Last week I was invited to Cook with Hari a blogger event in Brighton – with Hari Ghotra, an expert Indian cook, teacher and also a Chef at the Tamarind collection of restaurants which include the Michelin stared Tamarind of Mayfair.
The event was geared around showing me and fellow bloggers, AmyRutter.com, Tea, Cake and Make and The Gluten-Free Dining Guide how to make three favourite Indian dishes: A Lamb Bhuna, Onion Bhajis (or Pakora) and Vegetable Samosas, just in time for National Curry Week, which is the whole of this week!
One of the bloggers in attendance was gluten intolerant so we used ground gluten-free flour to make the Samosas and the Bhuna and Bhajis didn’t contain any gluten so that didn’t require any adjustments.
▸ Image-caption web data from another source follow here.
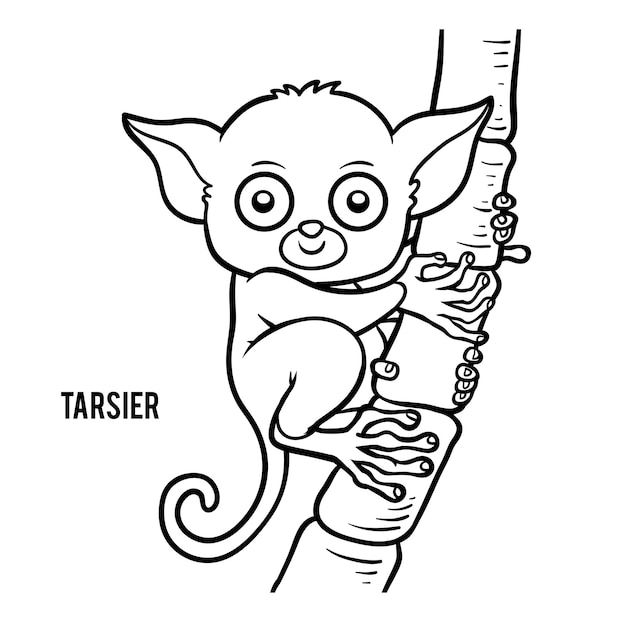 Coloring book for children, Tarsier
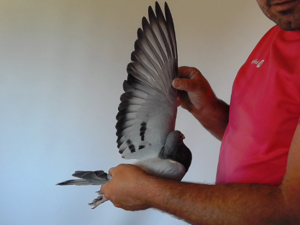 Pigeon image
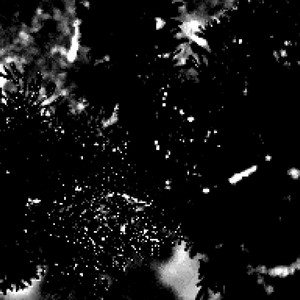Picea by Softable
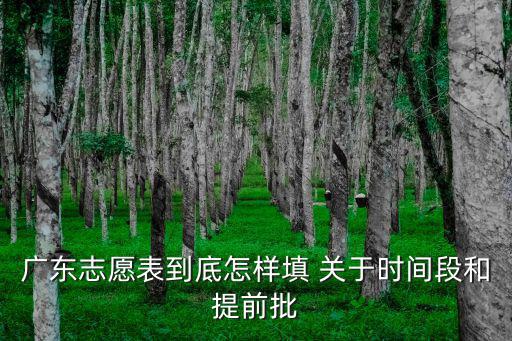 廣東志愿表到底怎樣填 關于時間段和提前批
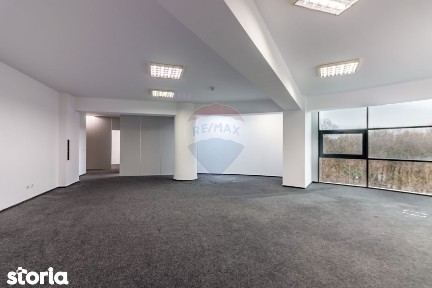 Birouri I Spații office cu vedere spre Parcul IOR | Baba Novac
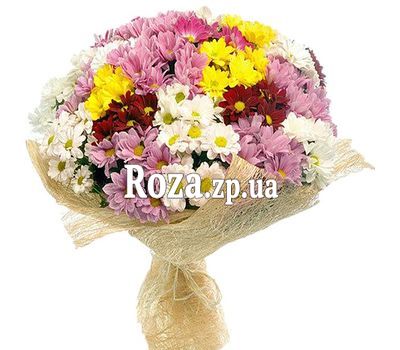 Букет из 35 хризантем Букет из 35 хризантем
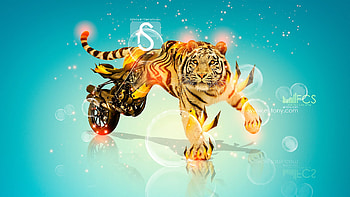 Moto Ducati Streetfighter Tiger, blue, mito, art, tiger, big cat, motorcycle, orange, streetfighter, pisici, fantasy, tony kokhan, tigru, ducati HD wallpaper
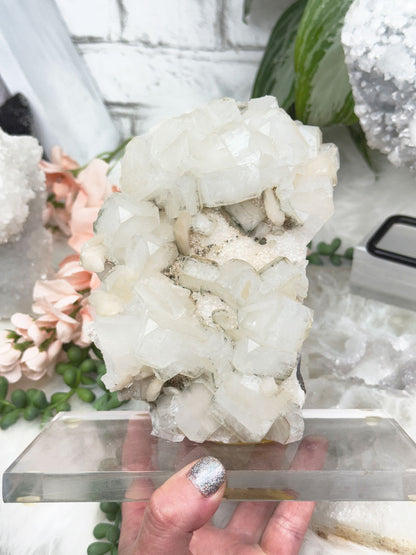 Apophyllite Displays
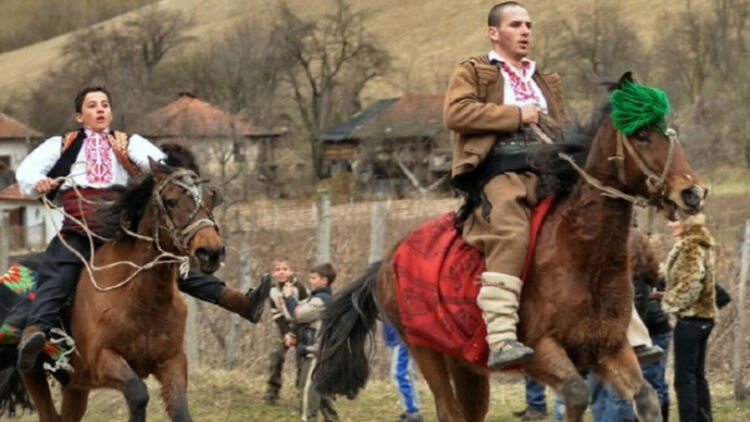 Състезателни битки с тежковозни породи коне организират за Тодоровден в пернишкото село Люлин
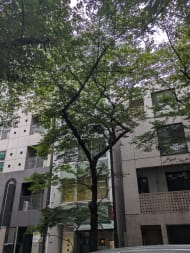 v20251003033705/fresh/building/J00100374787_6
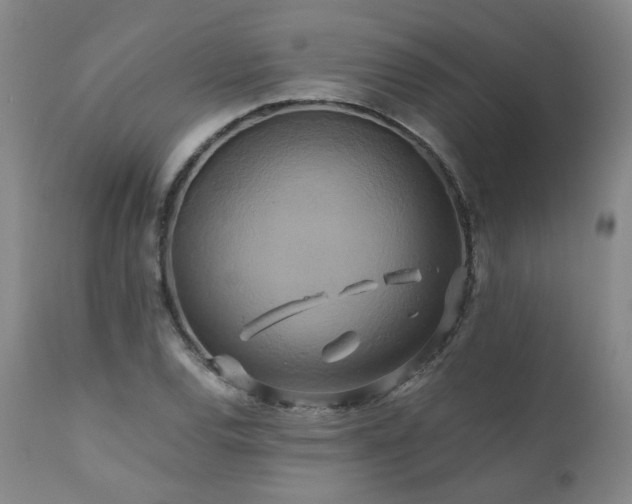 X0000110971120200906191329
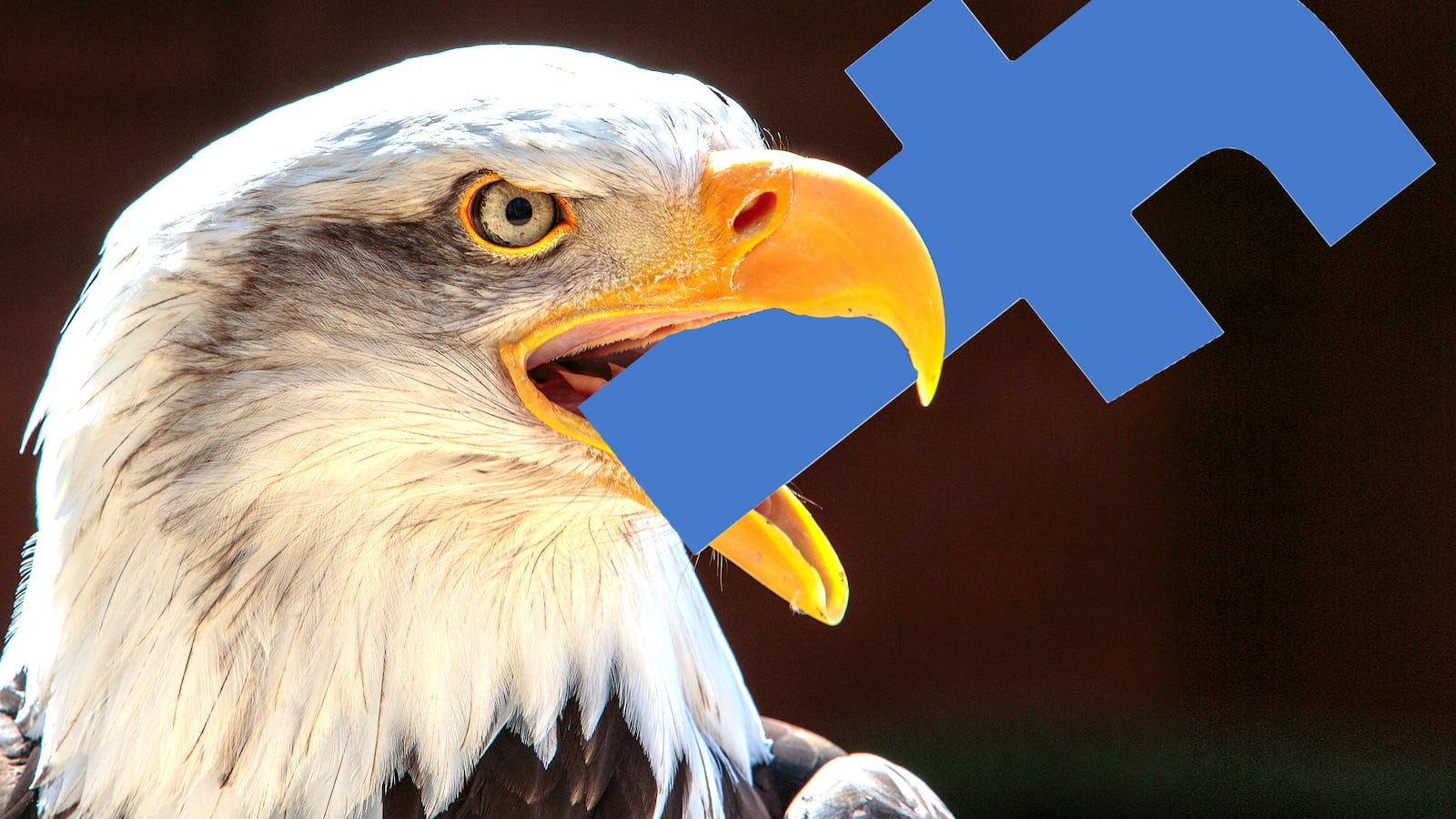 Can't Believe I'm Saying This but It's Time for Big Government to Rein in Big Data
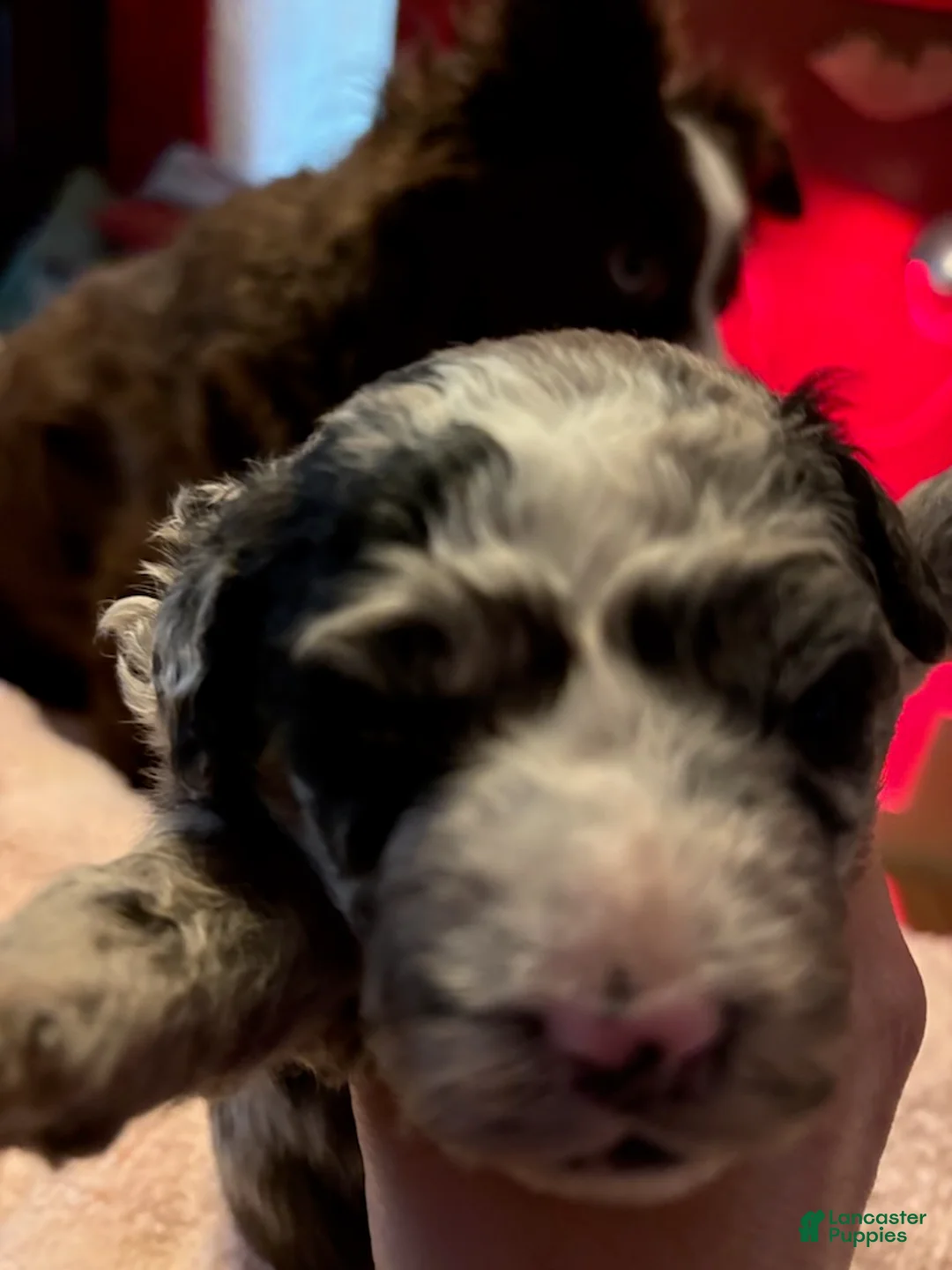 Mini Aussiedoodle dogs for sale: Girl_Female - Ad 1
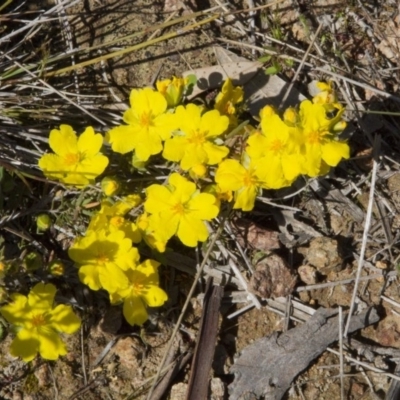 Hibbertia calycina (Lesser Guinea-flower) at Dunlop, ACT - 16 Oct 2016 by AlisonMilton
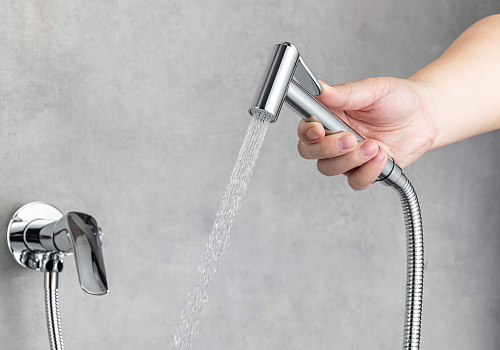 Гигиенический душ Aquatek ВЕГА AQ1019CR хром Гигиенический душ Aquatek ВЕГА AQ1019CR хром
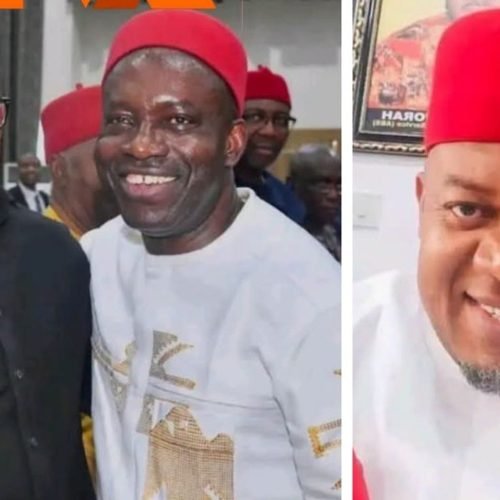“The falcon must once again hear the falconer.” — Uche Nworah Calls on Igbo Elders to Step Into Growing Soludo–Peter Obi Drama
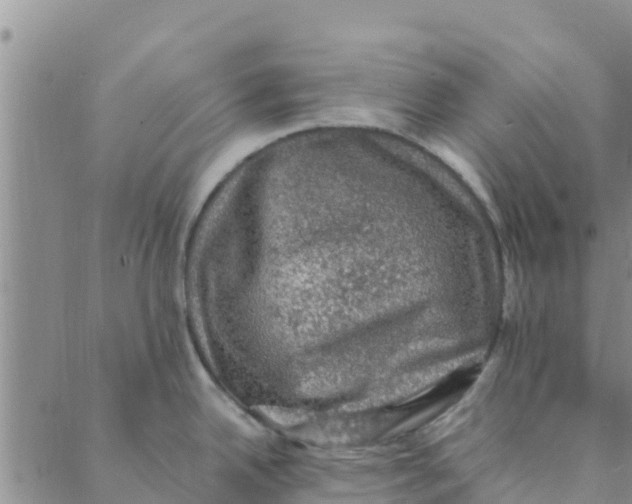 X0000088401342200706191348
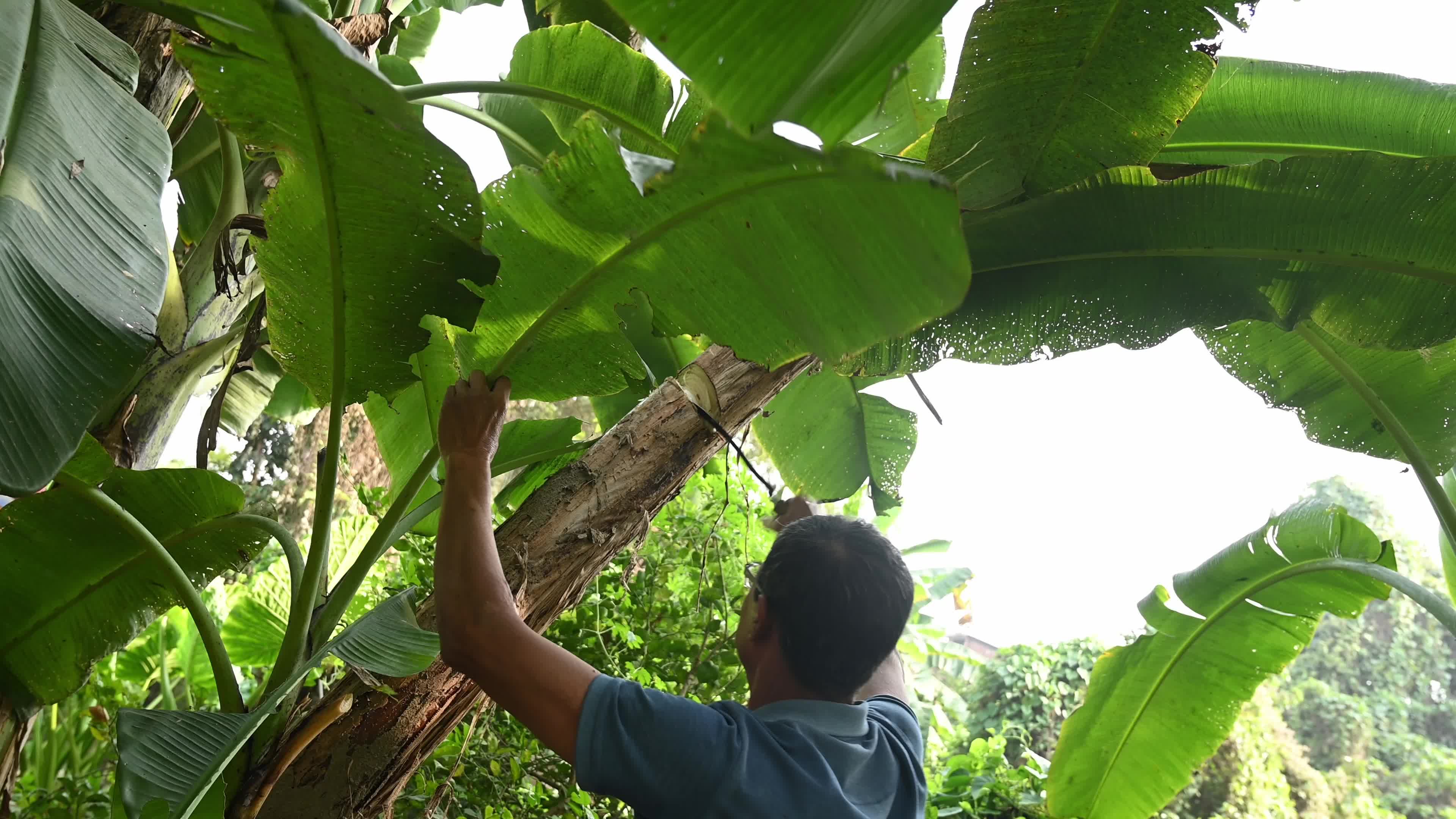 Banana Cultivation In India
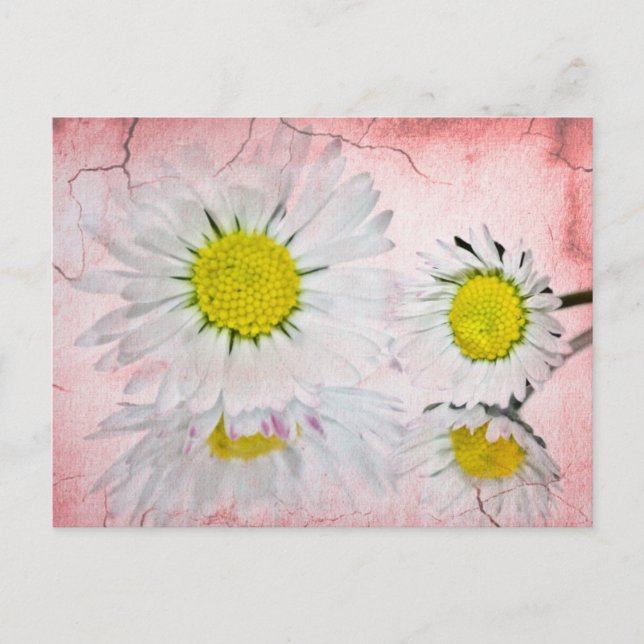 Stilvolle Mod Überraschung Whimsical Classy Destin Postkarte (Vorderseite)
It was an evening filled with many useful learnings and I could probably go on for days telling you about it, but I’ll try to just summarise the really useful nuggets I took away from the three hours! Here you go…
- A Bhuna is a dry dish, by dry what I mean is the sauce clings to the meat, unlike a creamy Korma for instance. It’s also pronounced boo-nan-na in India, not boo-na as we do here.
- When you cook onions for a curry it’s important to do so until they are a deep dark brown colour. If you’re cooking a dish like a Madras, Hari recommends cooking for a good half an hour before adding any other ingredients! This is what gives it the intensity and depth of flavour.
- When cooking a Bhuna, it’s important to chop up the ginger and garlic finely so the finished dish is smooth. If you are making a chunkier dish e.g. Jalfrazi, it’s fine chop the onions up into chunks. However, if you are making a very smooth dish like a Korma, you want your onions to be even more fine and in this instance use a food processor, but do not blitz the onions until they are mush, more so they are grated.
- If your onions start sticking to the pan, add a little bit of water to lift the off the pan and stop them burning.
- There are 5 key spices for a Bhuna, coriander, cumin, mustard, fenugreek seed, fennel seeds.
- Cumin has a warmth to it and brings out the natural sweetness of your dish and can be used whole or ground. A ground cumin adds a nuttiness, so it’s good for rice dishes. Cumin is also the most commonly used spice and the base of most Indian dishes.
- Fenugreek seed is bitter, so use sparingly. It also has an iconic curry aromatic smell which makes it easy to identify.
- Toast your spices in a dry pan to intensify the flavour, as soon as you apply heat to them you release natural oils which makes them much more fragrant.
- Never toast spices for a paste if you are going to store for more than 2 days as they will lose their flavour.
- Ground spices are good for 6 months so be aware of this when you buy them, whole spices last longer.
- With spices as soon as you can smell them and they release aromatics they are ready. Ideally you want them to go a shade darker. Then, right before they burn (when you can just smell them) take them out the pan straight away.
- If you do accidentally burn them, don’t be tempted to keep them. It’s better to throw them away as they will make your dish taste bitter!
If you’re looking at the pictures and thinking you’d like to have a go yourself, do it. It’s National Curry Week after all!
To make things easy for you, Hari has created a digital cookery school online showing people how to cook authentic Indian food and spices through her website and social media channels. There she sells spice mixes, so for a mere £3.50 and offers the recipes with everything you need (from a spice point of view) to make a delicious homemade Bhuna. It’s perfect if, like me, you don’t regularly cook Indian dishes and have all the spices in your cupboards, but still want to use fresh ground herbs and make something really authentic when you do.
The Bhuna recipe, Onion Bhaji recipe and Vegetable Samosa recipe can also either be read or watched on Hari’s recipe pages and Hari is also very responsive to any questions you want to put to her about cooking these recipes, so drop her a line via her Facebook page or on the specific recipe page before you start cooking.
I received my very own spice mix for Onion Bhaji’s (which we made at the event and were really amazing) and I’ll be having a go with the tutorials and sharing how I get on later in the week. I can’t wait to recreate the tasty dishes we made last week for my friends and will be definitely be buying more of these spice mixes and making curries from scratch as nothing compares when it comes to taste when you do it this way!
*Disclosure: I was invited to the ‘Cook With Hari’ event on a complimentary basis and I received my own spice kit to try out the products and review. However, this has not affected my views of the product or Hari’s course and this post is an honest and impartial account of the event.